- Caption-style text data:
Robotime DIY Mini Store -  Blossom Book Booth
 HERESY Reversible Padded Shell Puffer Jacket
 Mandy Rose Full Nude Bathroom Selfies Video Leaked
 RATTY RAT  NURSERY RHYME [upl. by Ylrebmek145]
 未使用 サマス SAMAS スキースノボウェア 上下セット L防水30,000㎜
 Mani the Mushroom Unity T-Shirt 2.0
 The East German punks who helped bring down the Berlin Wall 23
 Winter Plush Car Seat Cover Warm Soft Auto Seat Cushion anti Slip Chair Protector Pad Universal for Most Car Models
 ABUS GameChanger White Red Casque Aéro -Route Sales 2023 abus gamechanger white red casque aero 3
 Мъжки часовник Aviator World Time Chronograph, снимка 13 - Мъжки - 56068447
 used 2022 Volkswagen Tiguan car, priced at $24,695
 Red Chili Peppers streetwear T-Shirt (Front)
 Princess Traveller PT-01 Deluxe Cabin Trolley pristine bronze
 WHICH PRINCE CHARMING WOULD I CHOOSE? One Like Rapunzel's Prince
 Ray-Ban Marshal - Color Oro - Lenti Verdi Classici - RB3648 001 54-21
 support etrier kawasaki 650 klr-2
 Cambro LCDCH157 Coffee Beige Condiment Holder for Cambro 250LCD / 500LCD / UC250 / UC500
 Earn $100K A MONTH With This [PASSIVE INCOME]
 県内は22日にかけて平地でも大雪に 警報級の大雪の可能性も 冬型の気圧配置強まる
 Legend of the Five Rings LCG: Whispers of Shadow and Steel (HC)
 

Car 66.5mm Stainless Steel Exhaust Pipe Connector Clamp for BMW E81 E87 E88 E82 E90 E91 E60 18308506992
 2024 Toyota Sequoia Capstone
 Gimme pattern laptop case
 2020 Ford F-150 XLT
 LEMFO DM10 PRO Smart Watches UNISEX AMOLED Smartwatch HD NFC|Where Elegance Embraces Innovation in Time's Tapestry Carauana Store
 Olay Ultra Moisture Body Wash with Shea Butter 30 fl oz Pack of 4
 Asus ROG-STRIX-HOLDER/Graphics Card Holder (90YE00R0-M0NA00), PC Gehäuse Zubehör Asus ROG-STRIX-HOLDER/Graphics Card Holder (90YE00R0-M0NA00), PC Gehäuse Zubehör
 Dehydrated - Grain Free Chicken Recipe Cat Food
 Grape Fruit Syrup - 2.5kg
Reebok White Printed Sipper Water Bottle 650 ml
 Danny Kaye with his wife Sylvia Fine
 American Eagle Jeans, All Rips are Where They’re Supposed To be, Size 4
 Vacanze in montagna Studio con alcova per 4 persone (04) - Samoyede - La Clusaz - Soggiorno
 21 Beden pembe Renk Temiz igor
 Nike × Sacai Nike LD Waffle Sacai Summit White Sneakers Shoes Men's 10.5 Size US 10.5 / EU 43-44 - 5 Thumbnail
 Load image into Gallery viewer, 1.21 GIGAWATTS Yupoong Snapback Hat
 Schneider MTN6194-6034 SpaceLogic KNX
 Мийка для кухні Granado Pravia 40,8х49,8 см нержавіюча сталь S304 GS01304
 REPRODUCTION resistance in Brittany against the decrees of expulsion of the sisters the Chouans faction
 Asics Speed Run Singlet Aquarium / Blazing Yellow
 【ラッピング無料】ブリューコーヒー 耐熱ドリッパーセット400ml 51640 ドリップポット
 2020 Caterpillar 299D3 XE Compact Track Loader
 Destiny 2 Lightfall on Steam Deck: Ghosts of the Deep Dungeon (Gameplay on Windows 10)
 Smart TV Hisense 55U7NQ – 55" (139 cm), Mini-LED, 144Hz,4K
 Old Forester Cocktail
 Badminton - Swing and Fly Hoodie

- Your assignment:
Every line from the line containing "Ray-Ban Marshal - Color" through the line containing "Olay Ultra Moisture" in the records above must be retyped exactly. Leave out the rest.

- Exercise output:
 Ray-Ban Marshal - Color Oro - Lenti Verdi Classici - RB3648 001 54-21
 support etrier kawasaki 650 klr-2
 Cambro LCDCH157 Coffee Beige Condiment Holder for Cambro 250LCD / 500LCD / UC250 / UC500
 Earn $100K A MONTH With This [PASSIVE INCOME]
 県内は22日にかけて平地でも大雪に 警報級の大雪の可能性も 冬型の気圧配置強まる
 Legend of the Five Rings LCG: Whispers of Shadow and Steel (HC)
 

Car 66.5mm Stainless Steel Exhaust Pipe Connector Clamp for BMW E81 E87 E88 E82 E90 E91 E60 18308506992
 2024 Toyota Sequoia Capstone
 Gimme pattern laptop case
 2020 Ford F-150 XLT
 LEMFO DM10 PRO Smart Watches UNISEX AMOLED Smartwatch HD NFC|Where Elegance Embraces Innovation in Time's Tapestry Carauana Store
 Olay Ultra Moisture Body Wash with Shea Butter 30 fl oz Pack of 4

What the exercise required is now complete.